Remember the name Zhangjiakou.
Not only will the hard-to-spell city in China’s Hebei province co-host the 2022 Winter Olympics with Beijing, it will do so running mostly on renewable energy.
The day before the International Olympic Committee announced its decision, the Chinese government said Zhangjiakou would become the country’s first renewable energy pilot zone — meaning that by 2020 wind, solar and biomass will provide 55% of the city’s electricity.
That these major announcements overlapped wasn’t a coincidence. China, still reeling from the bad press it received for its airpocalypse a couple of years ago, is taking every opportunity it can get to show the world its air isn’t quite as polluted as it once was.
Last November, for instance, when President Obama and host of other world leaders arrived in Beijing for an economic summit, hundreds of polluting industrial plants in the area were switched off.

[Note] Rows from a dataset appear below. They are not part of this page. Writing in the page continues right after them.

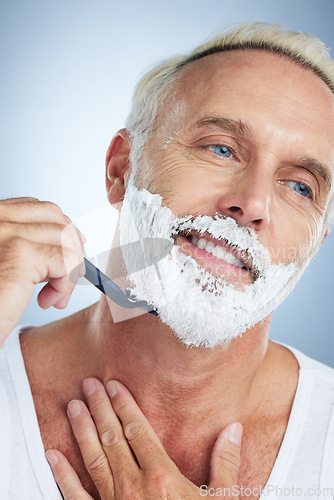 Image of Senior man, face and razor shaving beard with cream for grooming, skincare or hair removal against a studio background. Happy mature male with shaver, creme or foam for hygiene or facial treatment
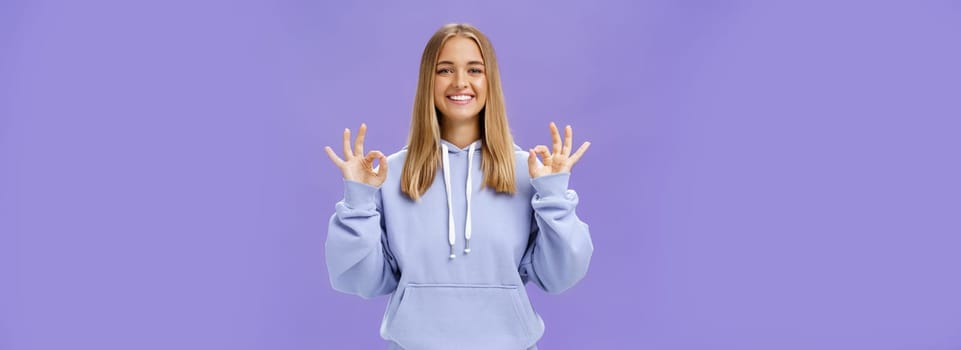 Girl got everything under control. Delighted happy charming woman with fair hair and tanned skin without makeup showing okay gesture smiling assured and pleased posing in hoodie over purple wall.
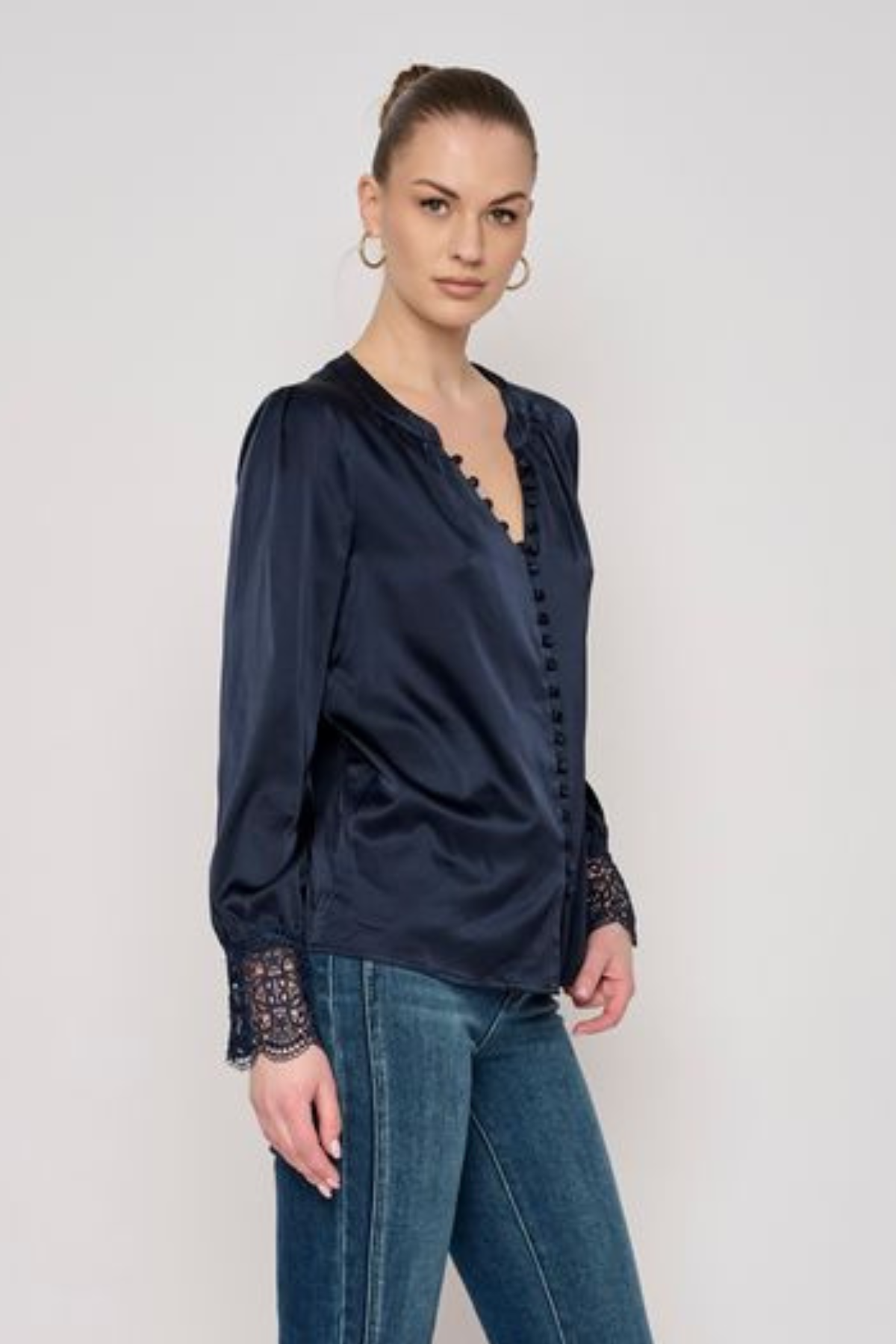 Model wearing a long-sleeve blouse with delicate lace detailing and a flattering tailored silhouette.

Next month, when the country celebrates the 70th anniversary of its World War II victory over Japan with an enormous parade in the capital, clear skies are a must.

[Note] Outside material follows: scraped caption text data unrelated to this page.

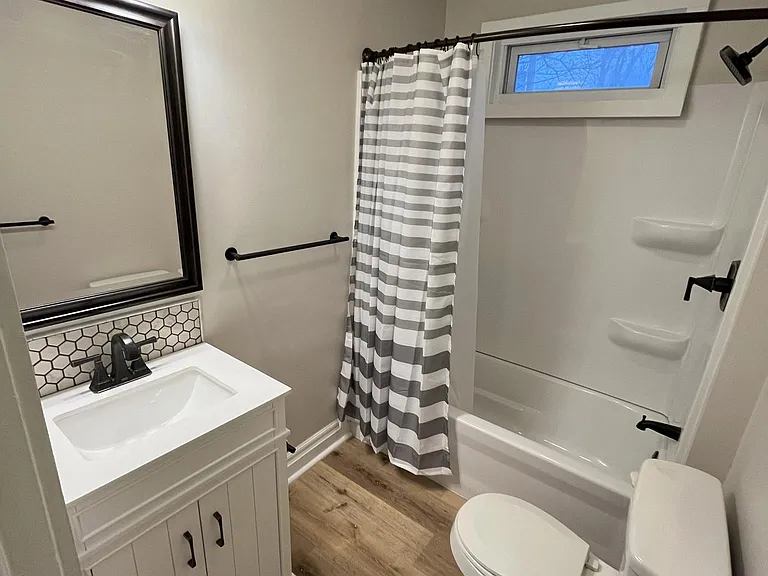 All new bathroom including vinyl flooring. There is a full bathroom on the second floor and a half bathroom off the kitchen.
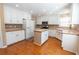 Bright kitchen features an island, white cabinets, and stainless steel appliances at 480 Glenns Farm Way, Grayson, GA 30017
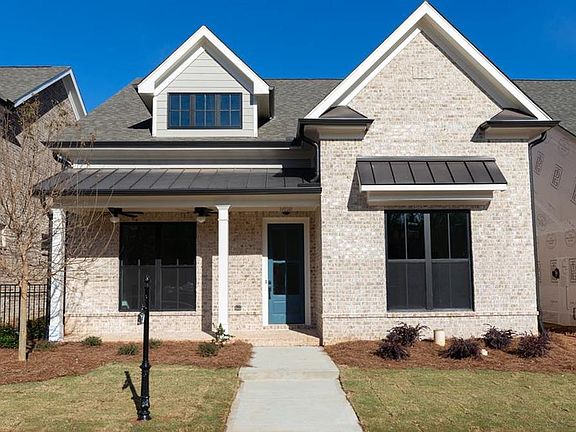 All brick front will be Farm House WHITE Not actual home. Photo of previously built Hampton II flo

And this time round there’s the Zhangjiakou project — which Chinese state media is calling a “low-carbon Olympic zone” that could “help Beijing resolve its air pollution problem”.
Lessons learned from ’08?
Lest we forget, China’s capital city hosted the Summer Olympics back in 2008. What did it do then, years before the smog-fuelled furore really kicked off?

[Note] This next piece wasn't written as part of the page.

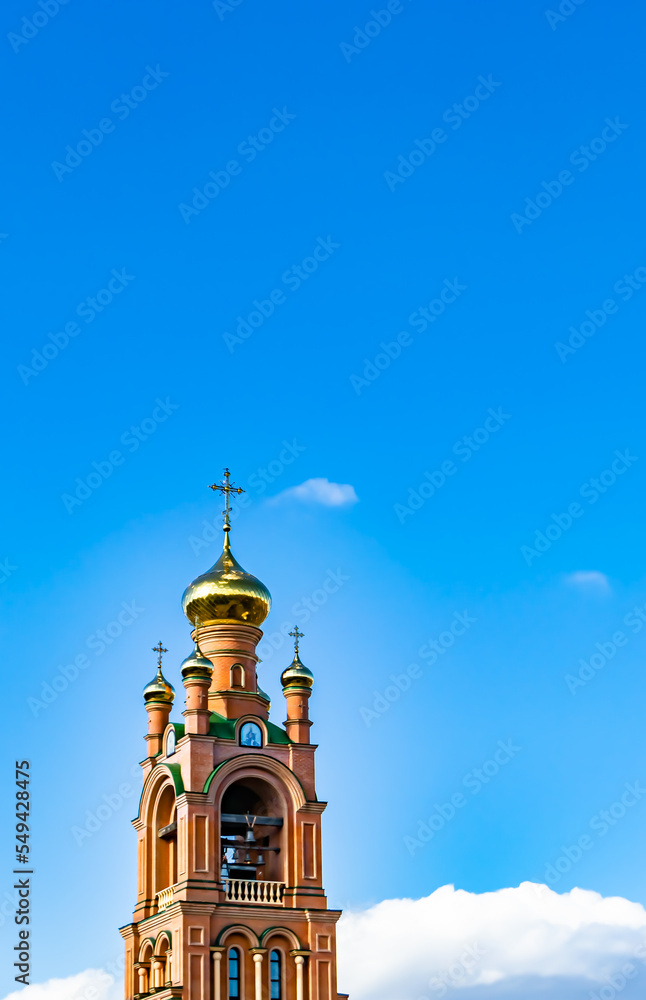 Obraz premium Christian church cross in high steeple tower for prayer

Well it increased its vehicle emission standards, upgraded its coal-burning boilers, started using wind and solar power in earnest, and – perhaps most significantly – moved most of the polluting factories and facilities outside city limits.
But these moves and more – particularly that last one – really didn’t really do the trick. Beijing’s air pollution problem only got worse in the years that followed.
Now China is turning the tables on its damaging smog story, with air pollution data published over the past 18 months revealing a slow and steady improvement. It’s still pretty bad, mind you.
Clean air, polluted water?
And so the 2022 Olympics represents an opportunity for China to demonstrate its pollution progress — though it might be more complicated than you’d expect, not only because Winter is smoggier than Summer.
It’s not all about the air. The international press is already having a field day with news that the slopes don’t have snow — which is kind of important when the main events are skiing, snowboarding and sports like that.
Instead China will manufacture snow – a massively water-intensive process – and probably store it in temperature-controlled warehouses. As observed by the media, that phoney snow will be made in an “increasingly arid” area suffering from “severe water stress”. And, because of the lack of rain, water will be taken from reservoirs reserved for drinking supplies.
But in terms of water, the Olympics is the least of China’s problems. As we reported last year, contamination of the country’s historic Yellow River could hit the water supply of more than fifty major cities.
By the time the athletes arrive in Beijing the government may be scrambling to deal with a completely different environmental challenge.